ASSIGNMENT: Reproduce exactly, from the data that follows, the line with "Legendary Youngest Son", the line with "Read Solo Leveling: Ragnarok", and every line that lies between them.

MATERIAL PROVIDED:
※ ※ ※

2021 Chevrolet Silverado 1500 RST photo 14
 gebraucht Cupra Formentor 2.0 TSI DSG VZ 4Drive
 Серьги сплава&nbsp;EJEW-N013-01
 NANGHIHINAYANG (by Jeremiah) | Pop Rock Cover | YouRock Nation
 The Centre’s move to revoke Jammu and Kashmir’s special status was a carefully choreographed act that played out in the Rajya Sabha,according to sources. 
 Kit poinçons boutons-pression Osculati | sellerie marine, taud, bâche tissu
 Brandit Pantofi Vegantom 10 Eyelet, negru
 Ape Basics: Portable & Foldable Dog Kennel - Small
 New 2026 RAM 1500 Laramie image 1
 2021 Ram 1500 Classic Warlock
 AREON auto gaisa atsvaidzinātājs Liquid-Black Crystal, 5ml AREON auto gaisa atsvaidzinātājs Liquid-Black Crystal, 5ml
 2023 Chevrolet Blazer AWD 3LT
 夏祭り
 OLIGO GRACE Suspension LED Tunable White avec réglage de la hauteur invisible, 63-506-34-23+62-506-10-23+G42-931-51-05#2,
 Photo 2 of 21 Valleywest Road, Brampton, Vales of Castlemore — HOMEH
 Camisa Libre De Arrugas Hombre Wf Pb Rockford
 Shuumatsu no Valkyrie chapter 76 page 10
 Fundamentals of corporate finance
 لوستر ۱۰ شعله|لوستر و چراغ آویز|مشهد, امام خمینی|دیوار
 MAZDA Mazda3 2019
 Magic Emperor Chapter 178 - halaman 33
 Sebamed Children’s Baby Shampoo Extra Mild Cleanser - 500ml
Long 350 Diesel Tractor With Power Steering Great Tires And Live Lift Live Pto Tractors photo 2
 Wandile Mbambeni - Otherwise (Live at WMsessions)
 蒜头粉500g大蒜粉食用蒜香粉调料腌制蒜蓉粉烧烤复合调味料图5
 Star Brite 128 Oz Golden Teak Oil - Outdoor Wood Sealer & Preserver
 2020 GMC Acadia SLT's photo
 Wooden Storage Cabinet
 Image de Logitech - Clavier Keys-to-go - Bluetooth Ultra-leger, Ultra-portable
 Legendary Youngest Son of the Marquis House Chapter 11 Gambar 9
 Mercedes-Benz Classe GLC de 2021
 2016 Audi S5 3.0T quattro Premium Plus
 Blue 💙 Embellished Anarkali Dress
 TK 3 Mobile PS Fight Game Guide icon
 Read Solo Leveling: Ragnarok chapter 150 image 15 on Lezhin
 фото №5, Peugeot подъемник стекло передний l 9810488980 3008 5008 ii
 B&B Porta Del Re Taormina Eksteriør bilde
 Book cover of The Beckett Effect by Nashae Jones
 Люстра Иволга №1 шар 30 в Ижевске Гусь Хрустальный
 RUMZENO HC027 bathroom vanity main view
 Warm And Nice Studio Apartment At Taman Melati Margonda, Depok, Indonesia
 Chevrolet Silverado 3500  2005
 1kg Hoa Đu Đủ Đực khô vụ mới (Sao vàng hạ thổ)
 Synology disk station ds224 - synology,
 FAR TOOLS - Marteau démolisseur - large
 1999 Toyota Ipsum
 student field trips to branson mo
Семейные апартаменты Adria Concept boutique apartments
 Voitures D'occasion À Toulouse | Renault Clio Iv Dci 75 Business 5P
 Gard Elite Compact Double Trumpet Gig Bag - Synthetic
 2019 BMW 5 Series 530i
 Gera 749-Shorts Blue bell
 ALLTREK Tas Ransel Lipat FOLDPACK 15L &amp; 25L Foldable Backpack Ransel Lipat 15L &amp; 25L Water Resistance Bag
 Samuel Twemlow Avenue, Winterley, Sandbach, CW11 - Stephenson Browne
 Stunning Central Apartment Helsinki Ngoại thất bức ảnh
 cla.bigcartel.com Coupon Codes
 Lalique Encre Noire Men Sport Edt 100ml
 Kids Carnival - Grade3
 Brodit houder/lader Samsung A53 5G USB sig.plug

※ ※ ※

RESPONSE:
 Legendary Youngest Son of the Marquis House Chapter 11 Gambar 9
 Mercedes-Benz Classe GLC de 2021
 2016 Audi S5 3.0T quattro Premium Plus
 Blue 💙 Embellished Anarkali Dress
 TK 3 Mobile PS Fight Game Guide icon
 Read Solo Leveling: Ragnarok chapter 150 image 15 on Lezhin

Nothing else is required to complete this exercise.